American attorney and bookseller

Edwin Burr Curtiss (July 14, 1852 – March 30, 1928) was an American attorney, bookseller, and a director of A. G. Spalding Bros.

==Early life==
He was born on July 14, 1852, in Fairfield, Connecticut. He was the third child born to Henry Tomlinson Curtiss (1796–1876) and Mary Eliza Henderson (née Beardsley) Curtiss (1821–1886), who married in 1844. His younger brother was Julian Wheeler Curtiss, president of the Spalding sports equipment company.

His maternal grandparents were Cyrus H. Beardsley and Maria (née Burr) Beardsley.
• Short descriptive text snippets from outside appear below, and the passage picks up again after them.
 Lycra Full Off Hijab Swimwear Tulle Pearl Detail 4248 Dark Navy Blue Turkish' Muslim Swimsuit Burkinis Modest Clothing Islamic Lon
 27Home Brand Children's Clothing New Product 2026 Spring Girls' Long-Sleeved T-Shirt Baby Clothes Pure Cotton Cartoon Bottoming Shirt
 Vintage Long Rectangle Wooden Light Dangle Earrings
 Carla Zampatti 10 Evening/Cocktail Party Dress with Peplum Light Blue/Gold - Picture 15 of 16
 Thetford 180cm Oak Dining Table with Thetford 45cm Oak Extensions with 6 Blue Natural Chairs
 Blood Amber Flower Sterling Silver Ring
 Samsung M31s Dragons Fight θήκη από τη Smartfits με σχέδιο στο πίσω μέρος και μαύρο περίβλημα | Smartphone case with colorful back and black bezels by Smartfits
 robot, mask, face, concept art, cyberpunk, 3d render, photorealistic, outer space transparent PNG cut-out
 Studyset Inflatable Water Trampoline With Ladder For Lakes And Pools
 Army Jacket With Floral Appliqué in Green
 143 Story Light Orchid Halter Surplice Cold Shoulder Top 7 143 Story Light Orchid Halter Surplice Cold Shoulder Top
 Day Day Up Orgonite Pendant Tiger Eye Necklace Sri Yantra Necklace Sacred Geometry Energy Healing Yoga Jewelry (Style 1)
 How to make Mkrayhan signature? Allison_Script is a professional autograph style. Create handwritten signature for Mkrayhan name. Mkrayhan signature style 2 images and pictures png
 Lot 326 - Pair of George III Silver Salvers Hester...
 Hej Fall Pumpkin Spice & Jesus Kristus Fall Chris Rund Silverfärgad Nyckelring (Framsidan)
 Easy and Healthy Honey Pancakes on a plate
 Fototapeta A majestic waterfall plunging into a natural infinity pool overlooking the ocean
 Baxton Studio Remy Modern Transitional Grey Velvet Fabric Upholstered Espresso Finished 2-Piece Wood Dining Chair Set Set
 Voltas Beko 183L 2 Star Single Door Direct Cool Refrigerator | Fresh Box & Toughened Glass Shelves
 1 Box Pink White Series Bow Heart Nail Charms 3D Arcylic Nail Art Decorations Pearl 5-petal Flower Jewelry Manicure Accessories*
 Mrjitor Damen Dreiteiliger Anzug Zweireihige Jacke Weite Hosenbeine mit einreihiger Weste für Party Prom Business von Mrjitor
His paternal grandfather was Henry Curtiss, a descendant of William Curtiss, who came to America from England about 1650 and settled at Stratford, Connecticut of which he helped found. From 1667 to 1686, he represented Stratford in the General Court and in 1672, he served as one of six commissioners with the governor John Winthrop the Younger, the deputy governor, and assistants as a War Council against the Dutch in New York, and was distinguished for bravery in King Philip's War.

After two years of studying abroad, Edwin graduated from Columbia Law School.

==Career==
After graduation from law school, he practiced law in New York City for two years before forming the firm of Cunningham, Curtiss & Welsh in 1878. The firm was a wholesale stationers and booksellers, blank book manufacturers, printers, and lithographers headquartered in San Francisco, Curtiss was based primarily in New York City. In 1892, together with his brother and others, he started the Fairfield County Golf Club in Greenwich, Connecticut.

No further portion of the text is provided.